Recall that \(t\) is fixed here, and we differentiate with respect to \(s\) in time. Since \(f(t,x)\) is a solution of the PDE, we can write the second equation as:

\[ dV_s = \sigma(X_s) f_x dB_s + r(X_s) f(t-s,X_s)ds \]

Now, by Ito’s product rule, we finally have:

\[ \begin{align*} dM_s &= V_s dZ_s + Z_s dV_s + dZ_s dV_s\\ &= -f(t-s,X_s)Z_s r(X_s) ds + Z_s (\sigma(X_s) f_x dB_s + r(X_s) f(t-s,X_s)ds) + 0\\ &= \sigma(X_s)Z_s f_x dB_s \end{align*} \]
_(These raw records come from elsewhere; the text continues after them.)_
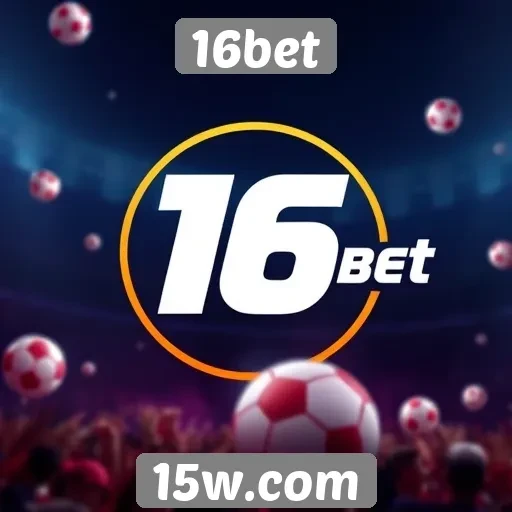 Novidades e promoções disponíveis no 16bet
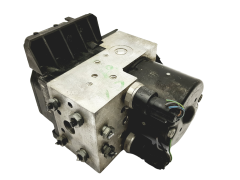 Pompe Abs Mercedes A W168 A0044310912 0265202461 Bosch 33870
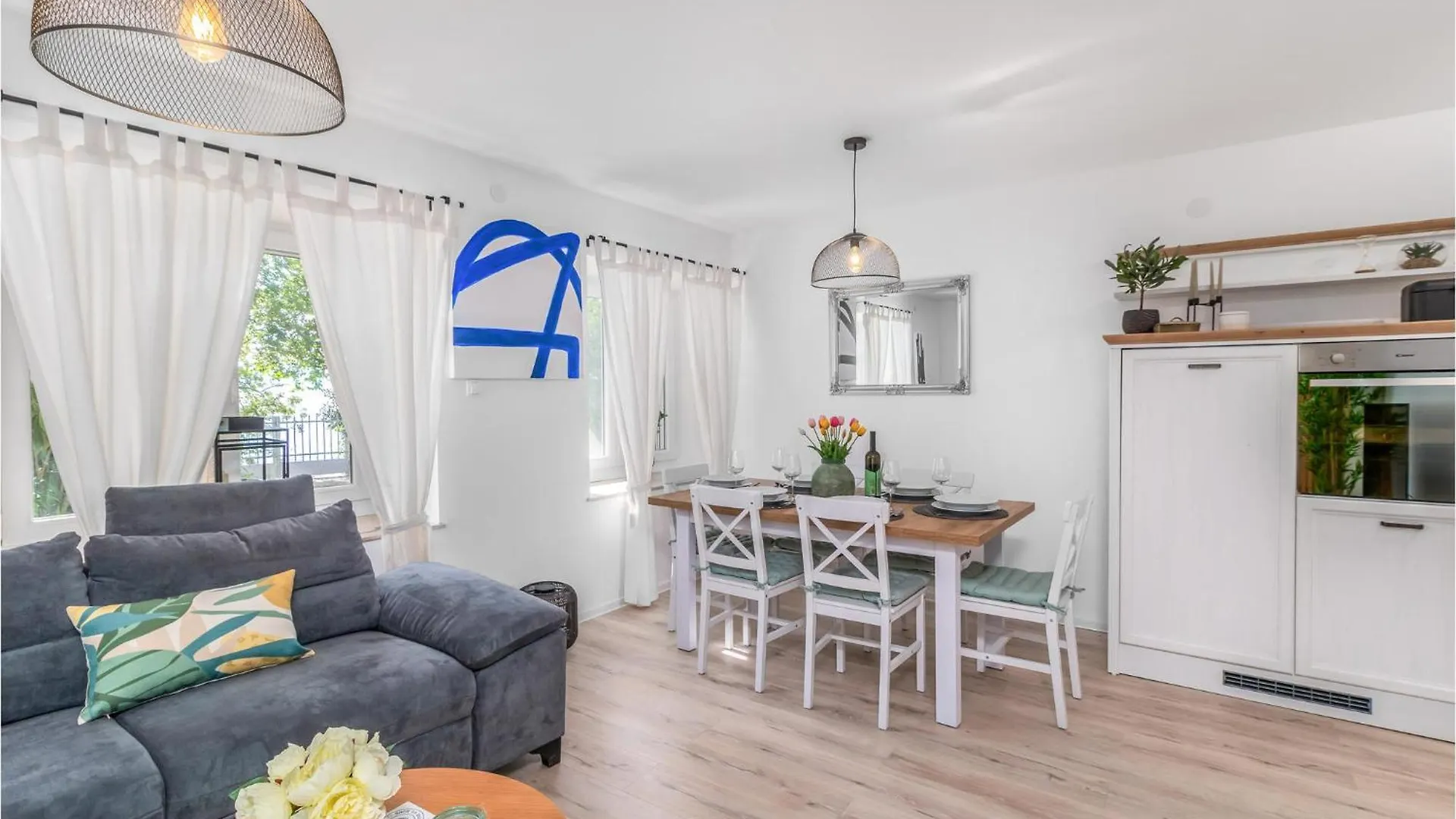 3 Bedroom Amazing Home In Kraljevica 0*,  Croatia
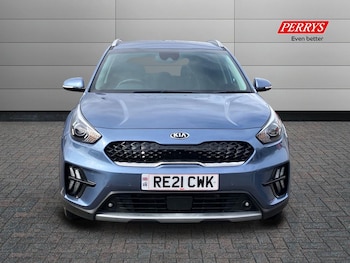 Used Kia Niro 2021 for sale - 75661460: Photo
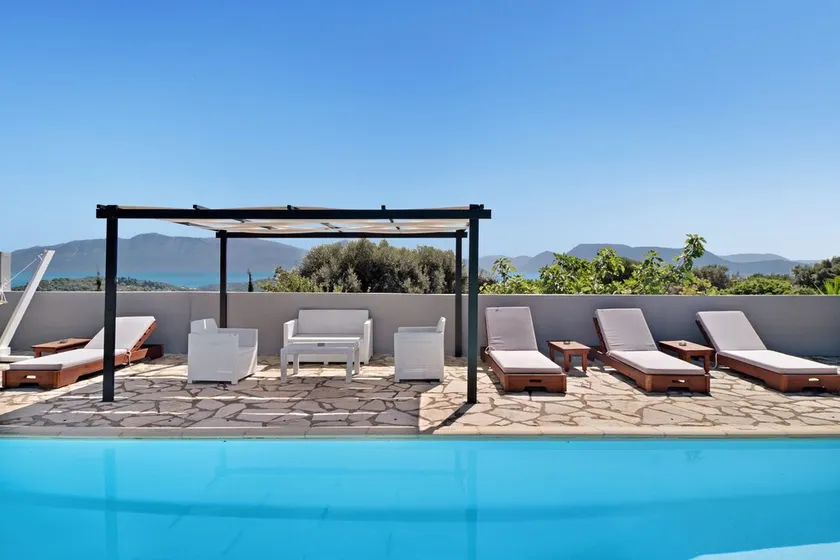 Villa Jimmy's Katomeri 2 - Image 1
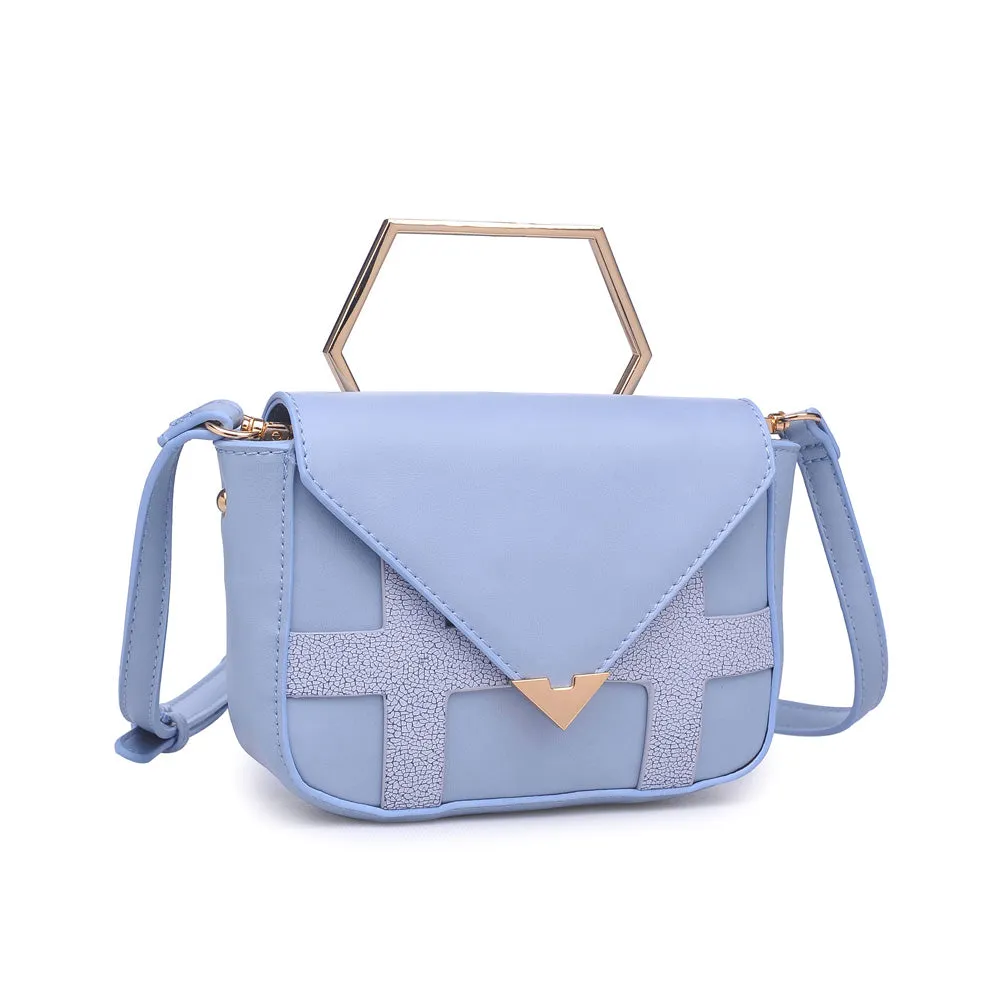 Flair Crossbody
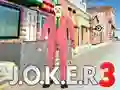Oyunu J.O.K.E.R lll çevrimiçi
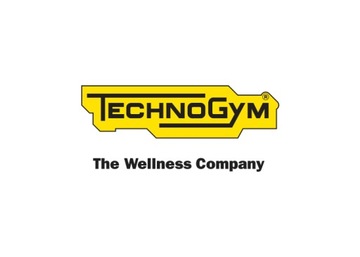 WELLNESS МЯЧ 55 СМ Technogym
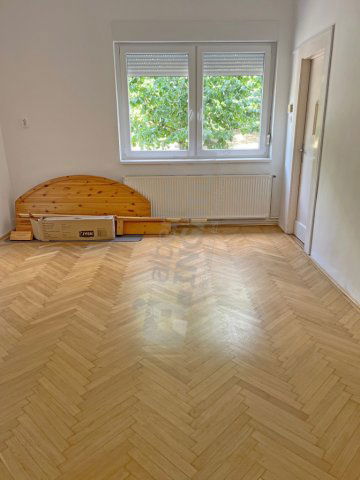 Kiadó téglalakás, albérlet, Budapesten, I. kerületben, 1 szobás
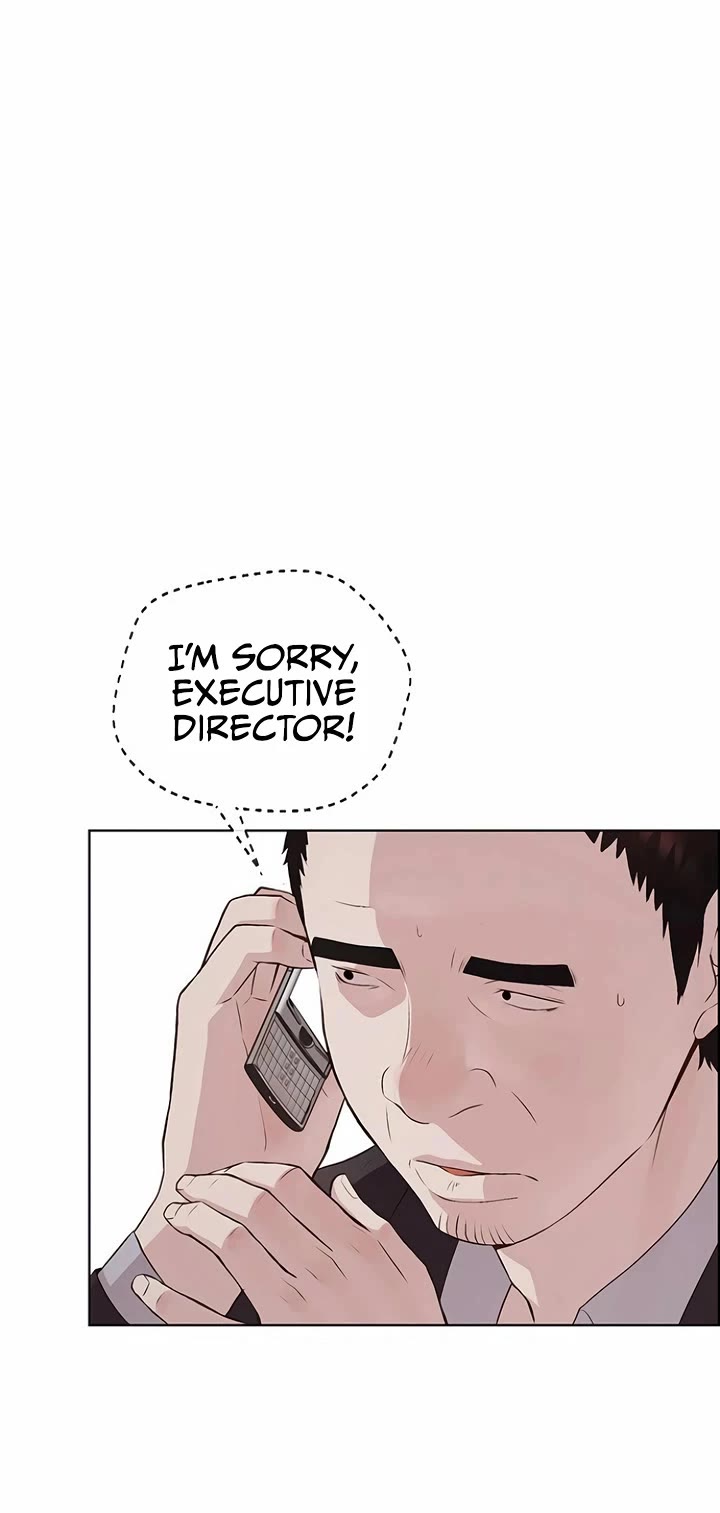 Real Man Chapter 218 page 32 - Chapter 218
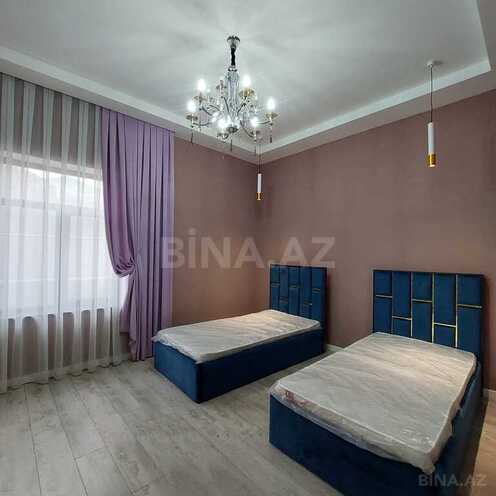 4 otaqlı həyət evi/bağ evi - Mərdəkan q. - 250 m² (8)
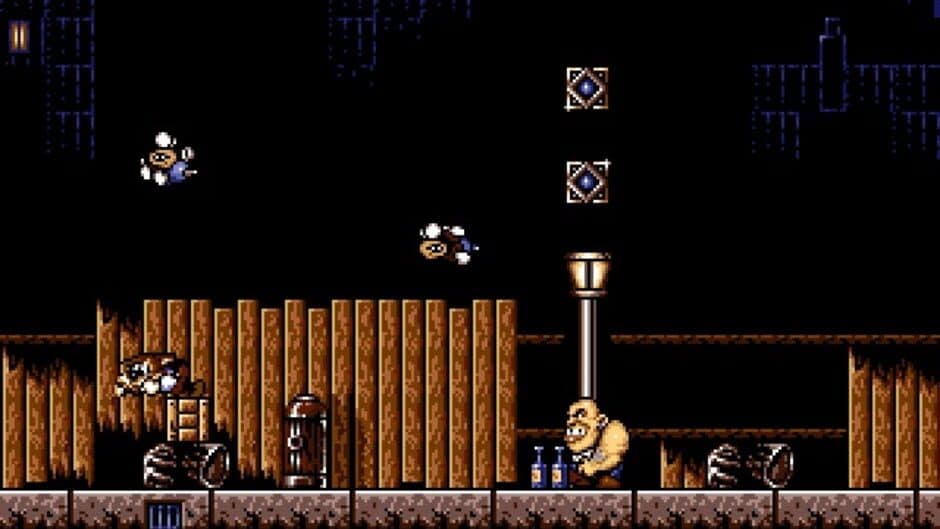 Titus the Fox screenshot 9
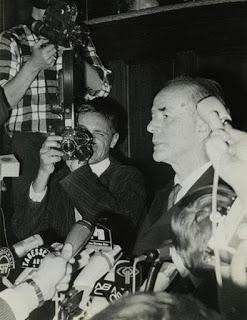 Albert Speer, une carrière allemande, un livre et une exposition à Nuremberg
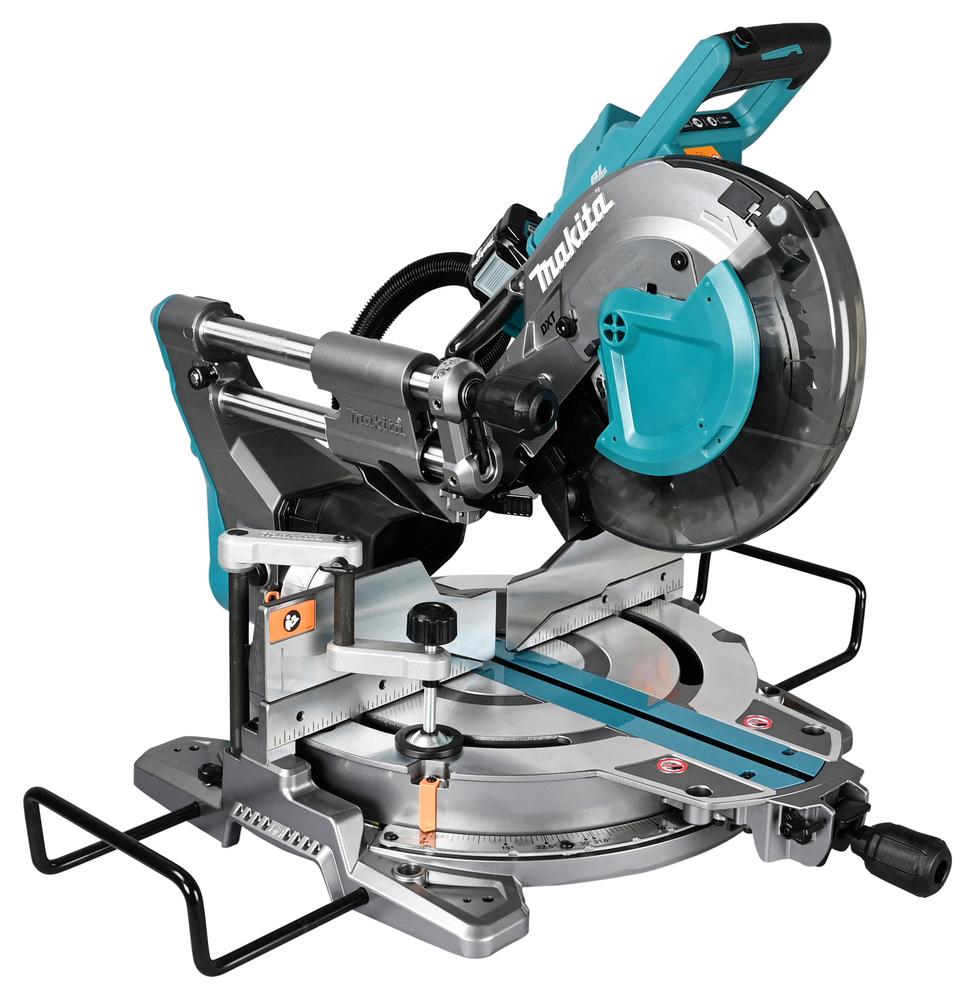 Makita LS004GZ01 40V MAX XGT 260mm Sliding Compound Mitre Saw Body Only Price Comparisons | Compare The Build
This proves that \((M_s, s \leq t)\) is a martingale. We conclude that:

\[ \mathbb{E}[M_t] = \mathbb{E}[M_0] \]

Using the definition of \(M_t\), this yields:

\[ \mathbb{E}[M_t] = \mathbb{E}\left[f(0,X_t)\exp\left(-\int_0^t r(X_u) du\right)\right] = \mathbb{E}\left[g(X_t)\exp\left(-\int_0^t r(X_u) du\right)\right] = \mathbb{E}[M_0] = f(t,x) \]

This proves the theorem. \(\blacksquare\)

As for the backward equation, it is natural to consider the terminal value problem for the same PDE.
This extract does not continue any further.